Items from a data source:
--- START ---

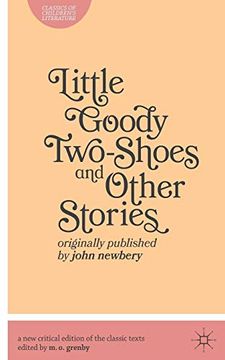 portada Little Goody Two-Shoes and Other Stories: Originally Published by John Newbery (Classics of Children's Literature) (en Inglés)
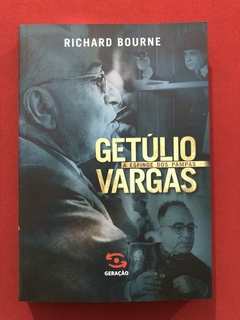 Livro - Getúlio Vargas: A Esfinge Dos Pampas - Richard Bourne - Geração - Seminovo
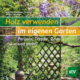 Cover des Buches 'Holz verwenden im eigenen Garten' mit einem Holzzaun und Blumen im Garten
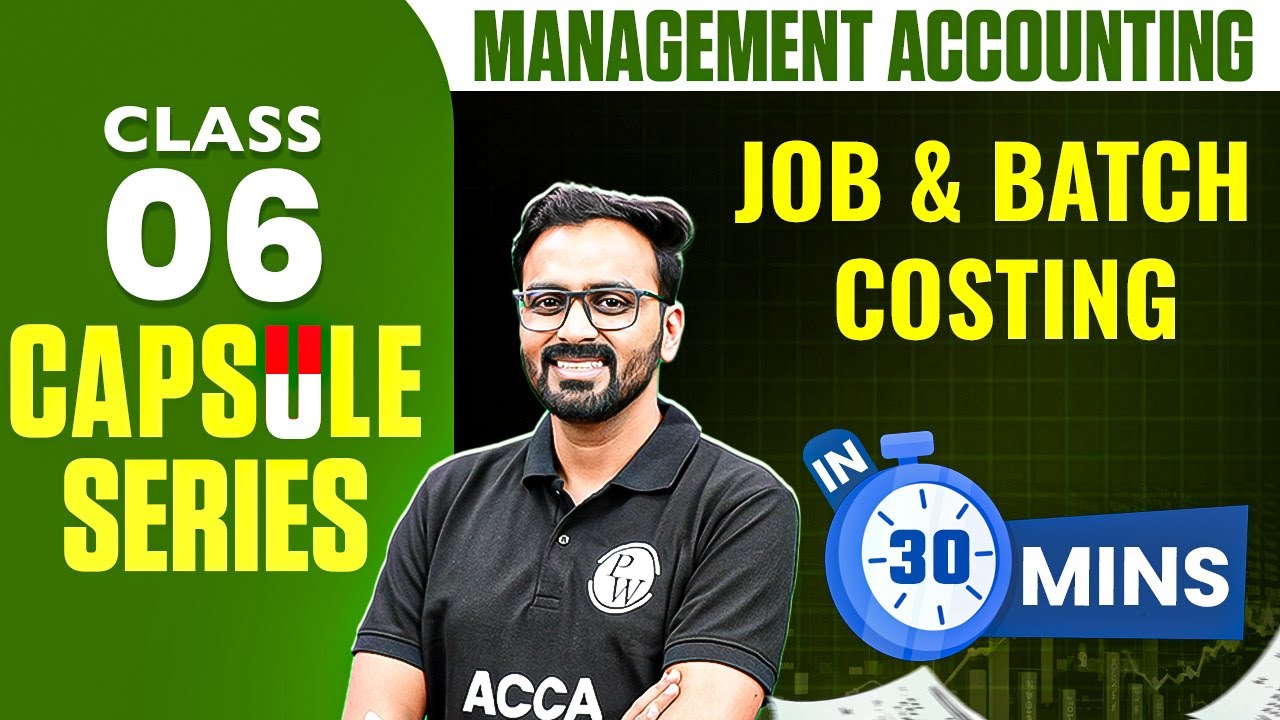 Job & Batch Costing | ACCA Management Accounting MA/F2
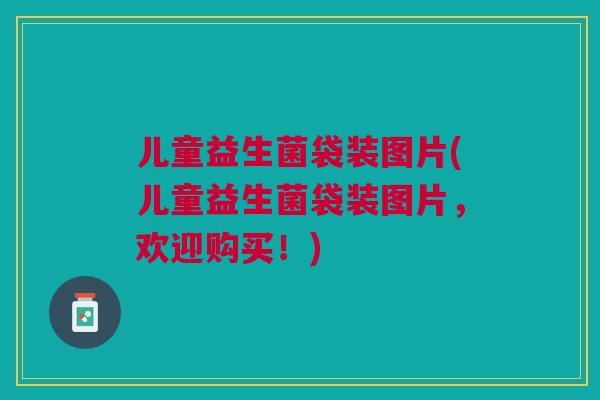 儿童益生菌袋装图片(儿童益生菌袋装图片,欢迎购买!)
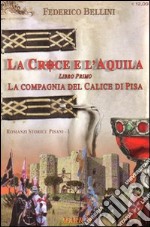 La compagnia del calice di Pisa. La croce e l'aquila. Vol. 1 libro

--- END ---

• Work order:
Only the lines from the one containing "儿童益生菌袋装图片(儿童益生菌袋装图片,欢迎购买!)" through the final line of the records should be transcribed, exactly and with no pictures.

• Solution for this exercise:
 儿童益生菌袋装图片(儿童益生菌袋装图片,欢迎购买!)
 La compagnia del calice di Pisa. La croce e l'aquila. Vol. 1 libro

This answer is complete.